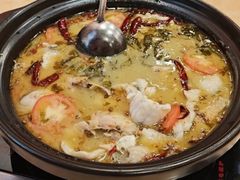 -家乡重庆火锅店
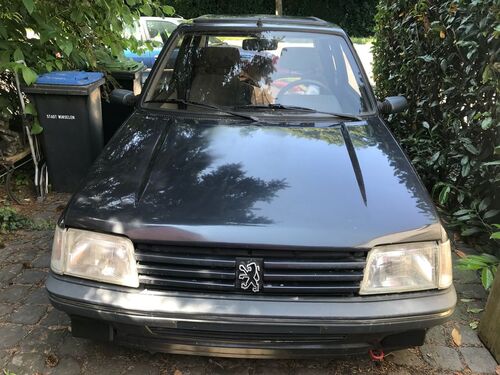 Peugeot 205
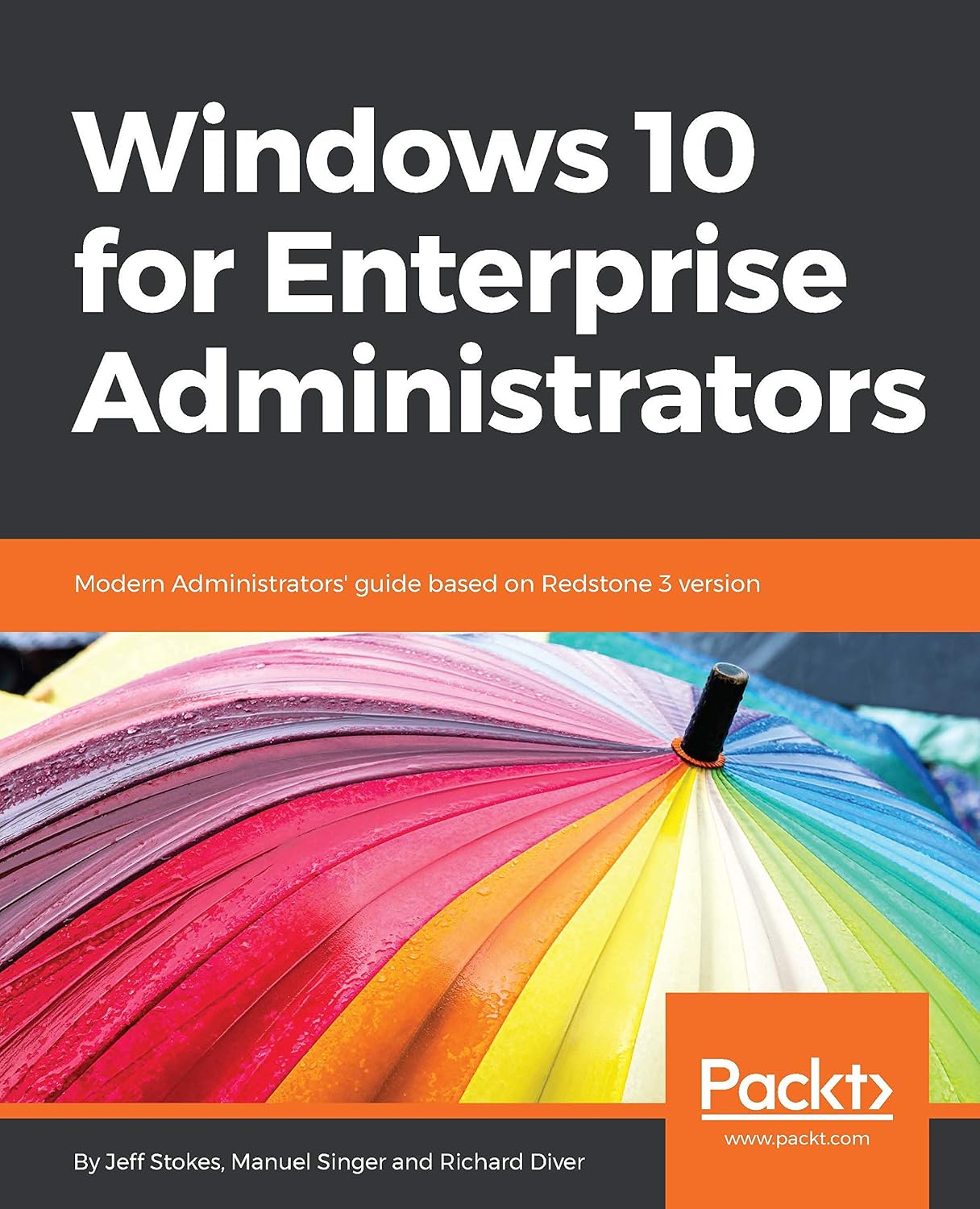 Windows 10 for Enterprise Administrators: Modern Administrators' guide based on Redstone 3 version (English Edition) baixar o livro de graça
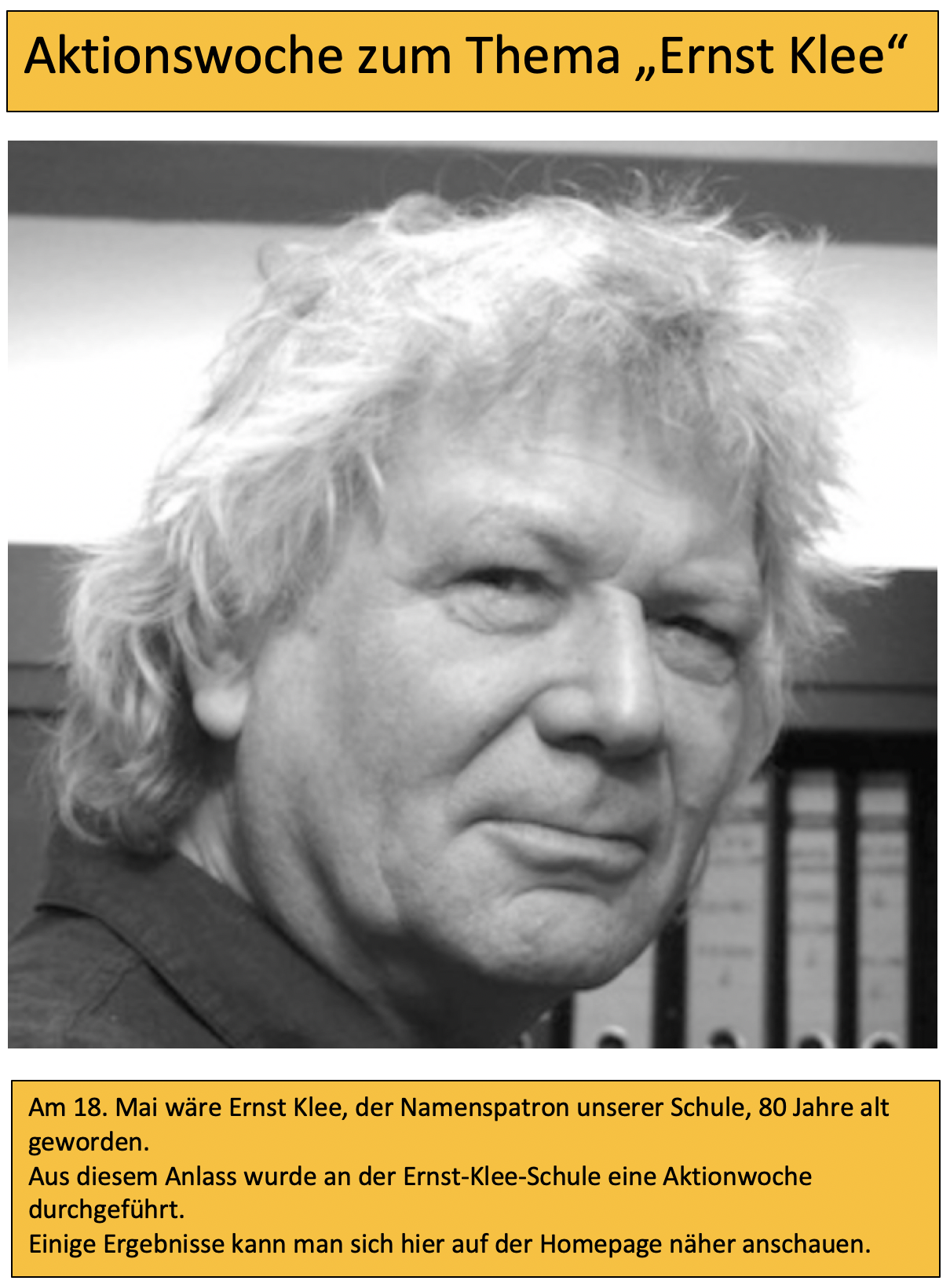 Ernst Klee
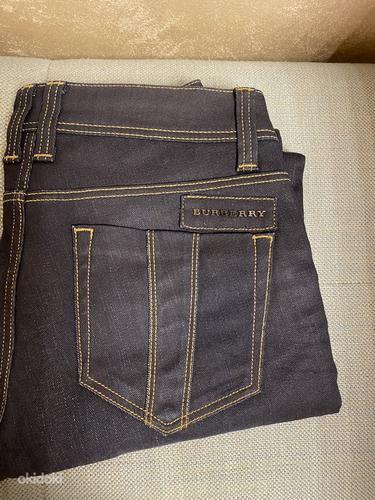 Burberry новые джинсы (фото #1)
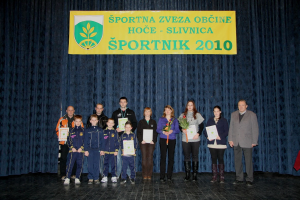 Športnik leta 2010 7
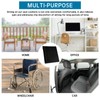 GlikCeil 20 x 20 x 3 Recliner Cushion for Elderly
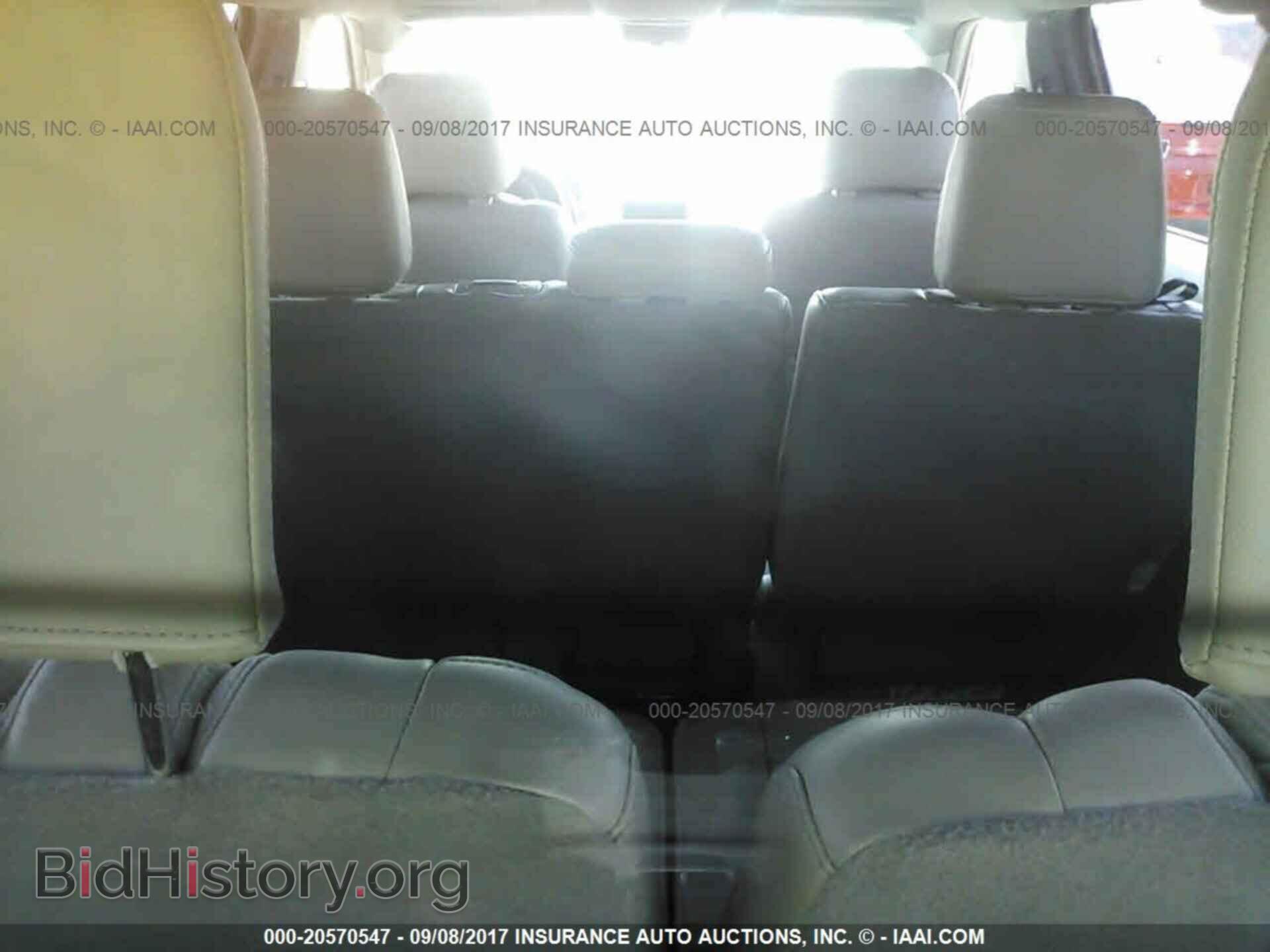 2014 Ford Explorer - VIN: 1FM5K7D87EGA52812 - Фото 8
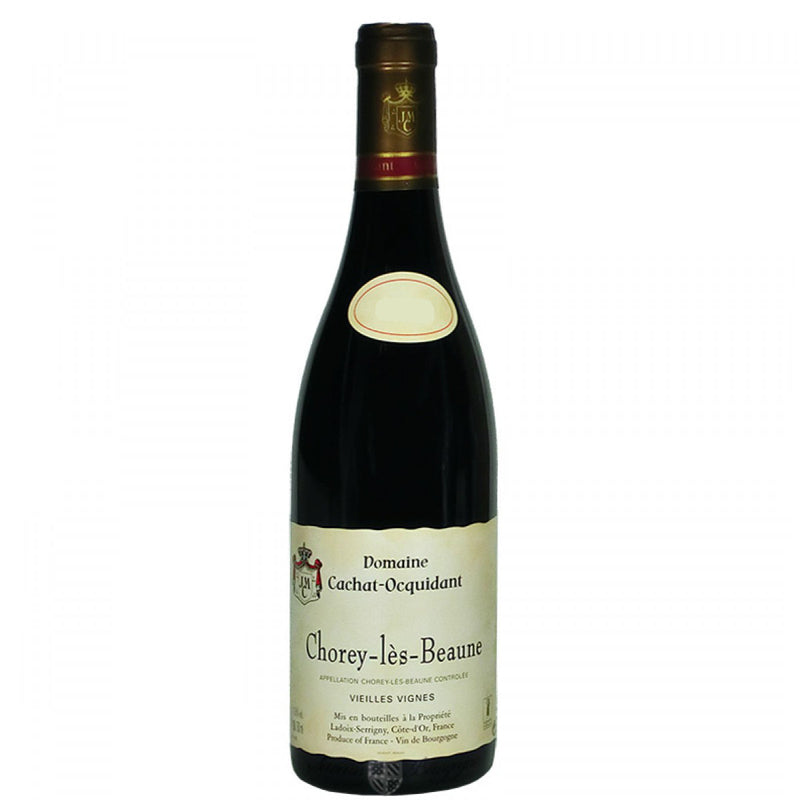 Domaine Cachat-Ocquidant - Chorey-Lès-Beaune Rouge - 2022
# # #
WHAT YOU SHOULD DO: The complete set of records should be written out again, pictures excluded.

TASK SOLUTION:
 -家乡重庆火锅店
 Peugeot 205
 Windows 10 for Enterprise Administrators: Modern Administrators' guide based on Redstone 3 version (English Edition) baixar o livro de graça
 Ernst Klee
 Burberry новые джинсы (фото #1)
 Športnik leta 2010 7
 GlikCeil 20 x 20 x 3 Recliner Cushion for Elderly
 2014 Ford Explorer - VIN: 1FM5K7D87EGA52812 - Фото 8
 Domaine Cachat-Ocquidant - Chorey-Lès-Beaune Rouge - 2022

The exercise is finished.